#### Records for processing:
BEGIN

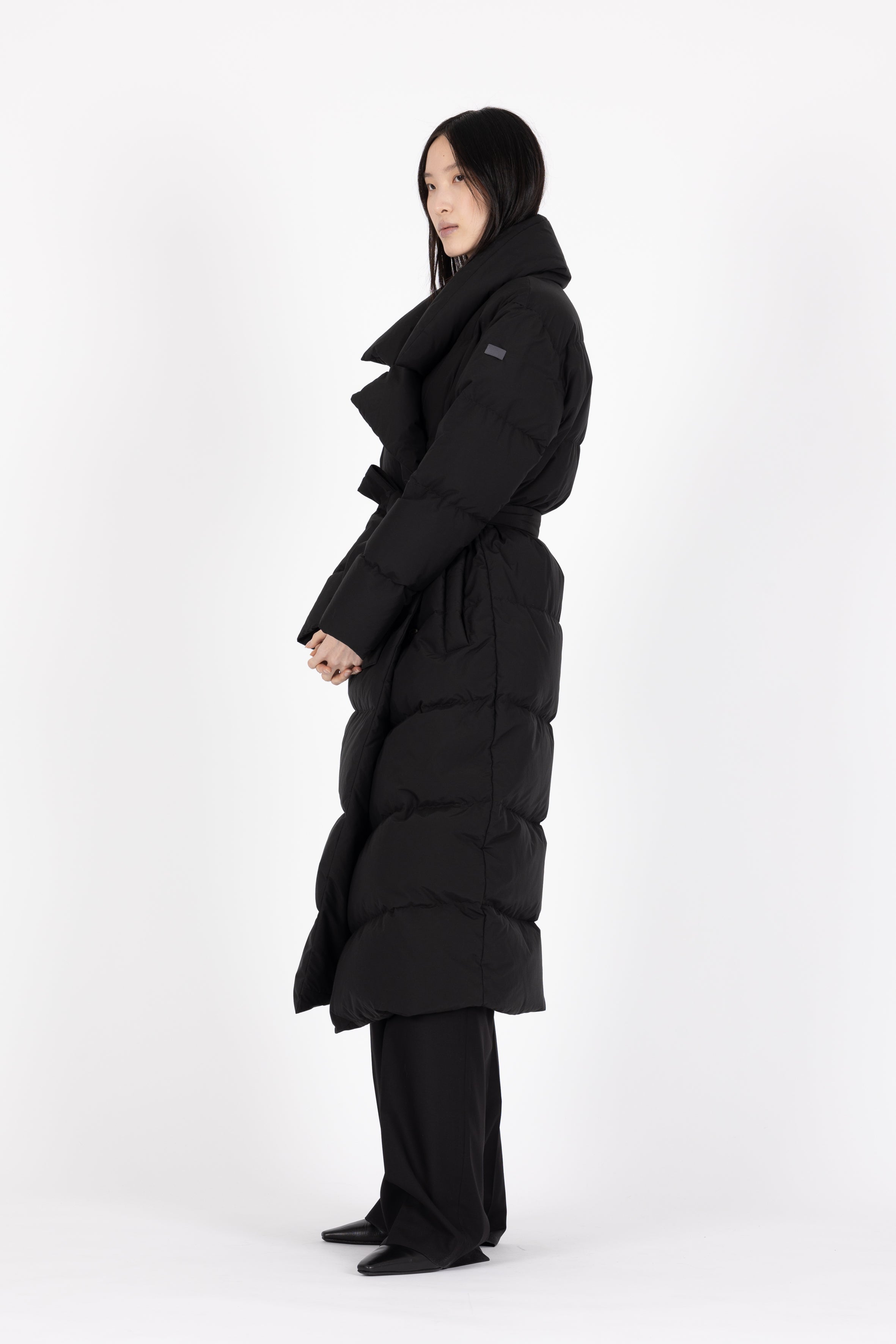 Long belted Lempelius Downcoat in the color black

END
BEGIN

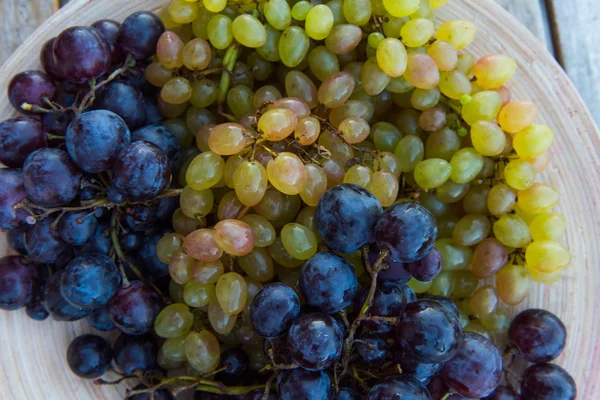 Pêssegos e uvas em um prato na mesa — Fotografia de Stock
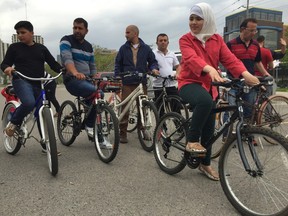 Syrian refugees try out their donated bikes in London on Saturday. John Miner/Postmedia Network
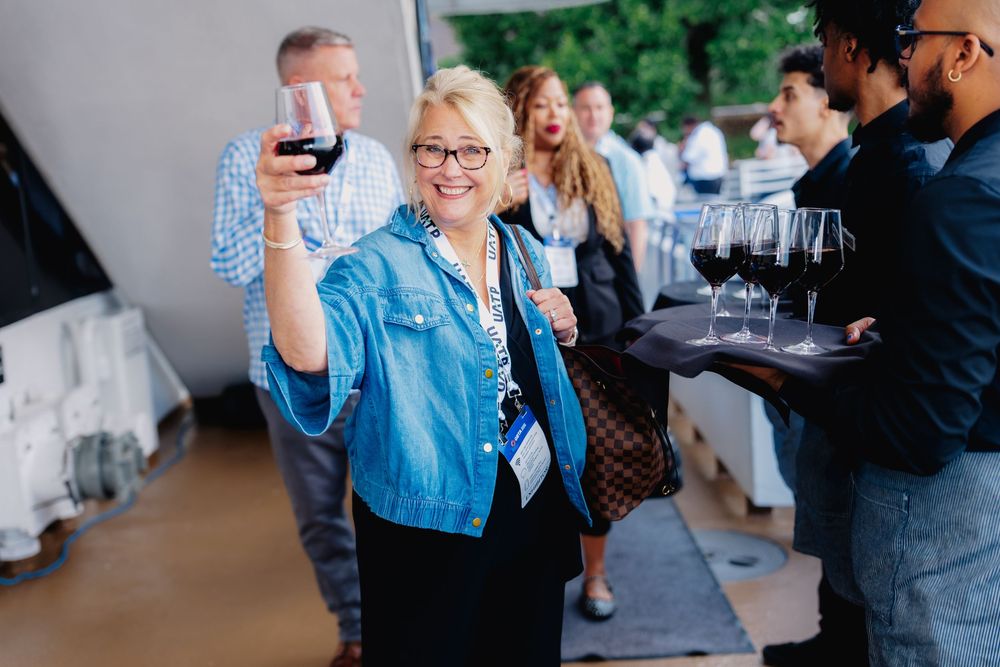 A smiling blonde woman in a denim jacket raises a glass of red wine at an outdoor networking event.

END

#### What the task asks:
Could you transcribe exactly the entries above, but only the lines from the one with "Syrian refugees try" through the one with "A smiling blonde", and without pictures?

#### Result:
 Syrian refugees try out their donated bikes in London on Saturday. John Miner/Postmedia Network
 A smiling blonde woman in a denim jacket raises a glass of red wine at an outdoor networking event.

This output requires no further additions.